> [Prompt] Set down the data below without change, skipping the pictures it holds.

> [Source data]
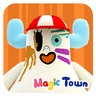 MagicTownð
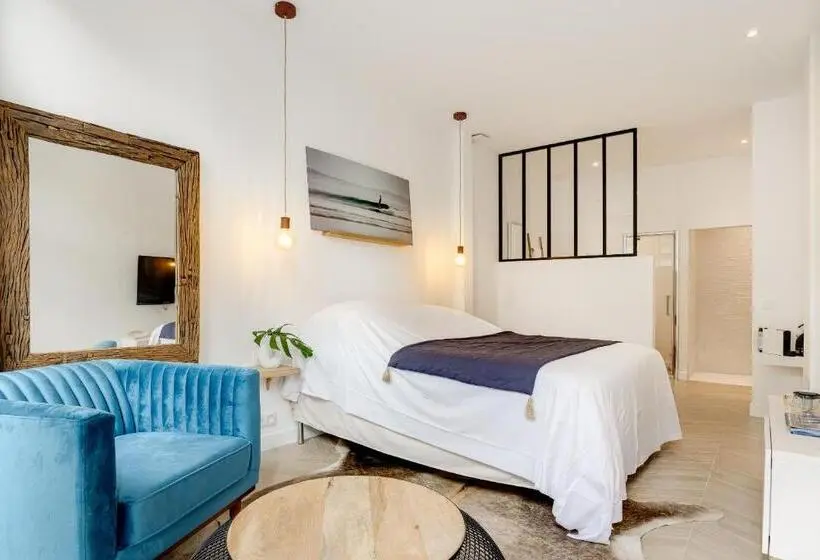 Deluxe-studio, Le Moma By The Ocean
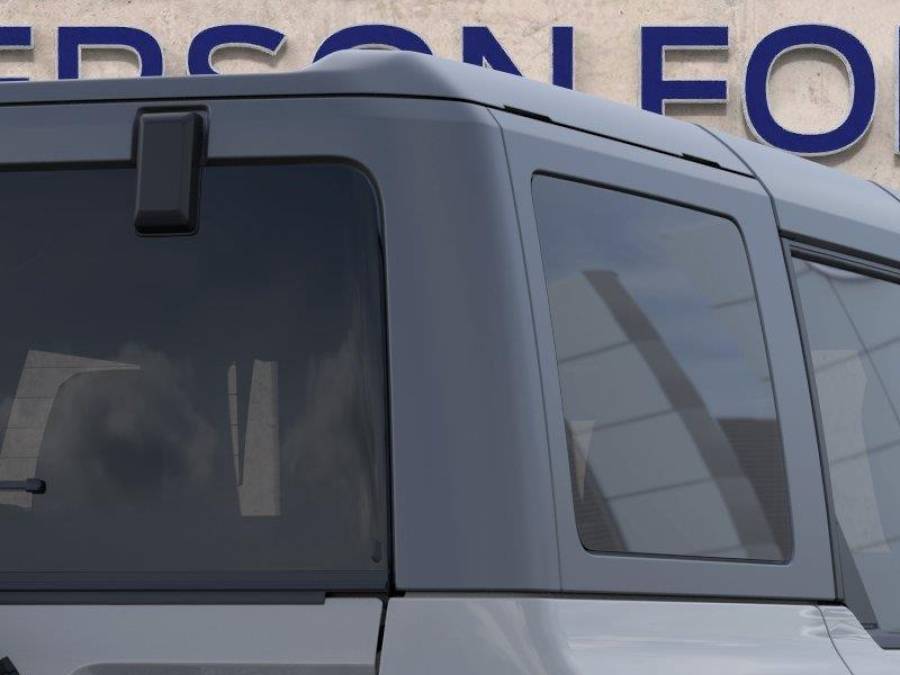 New 2026 Ford Bronco for sale in Lincoln NE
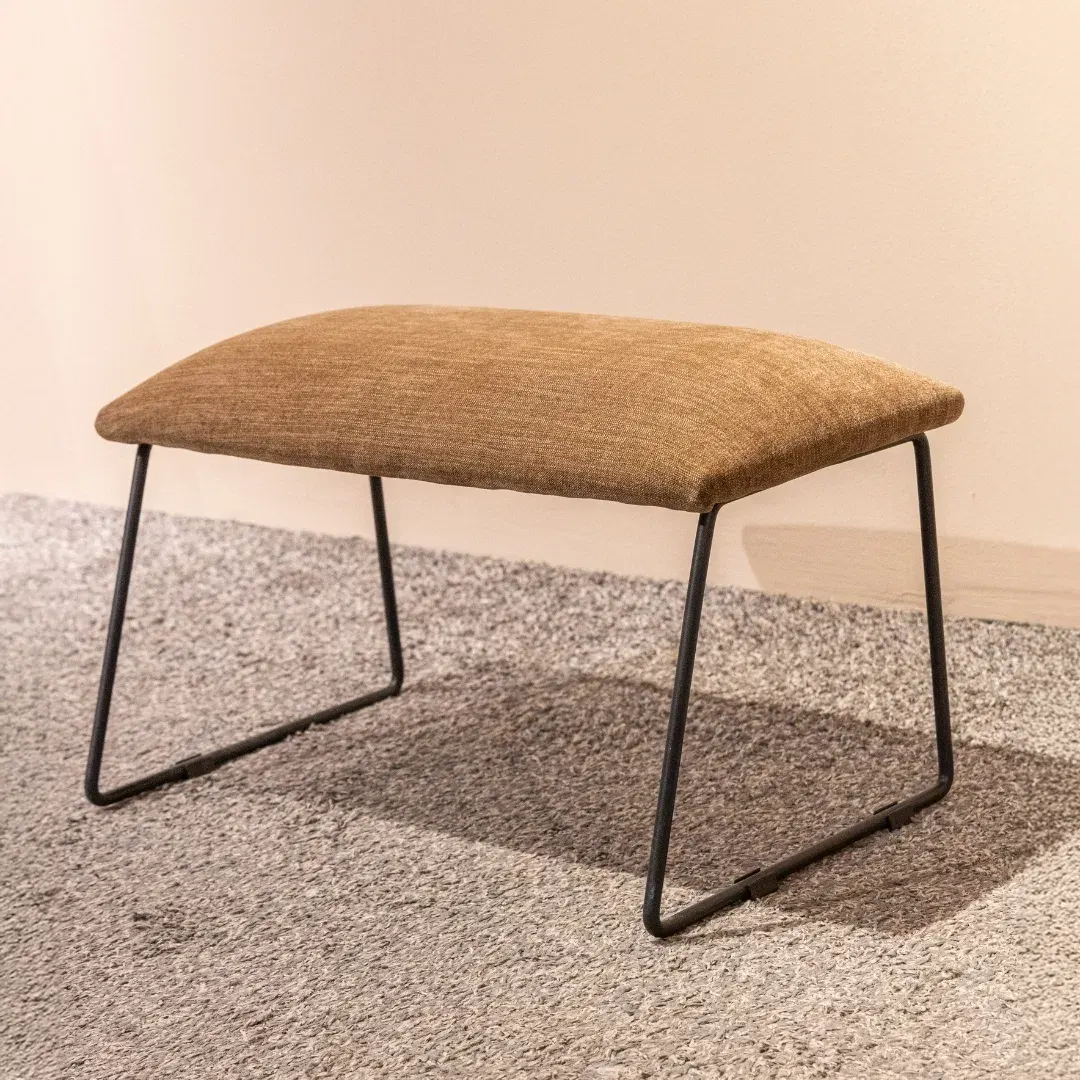 Tabure Adore — detalj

> [Result]
 MagicTownð
 Deluxe-studio, Le Moma By The Ocean
 New 2026 Ford Bronco for sale in Lincoln NE
 Tabure Adore — detalj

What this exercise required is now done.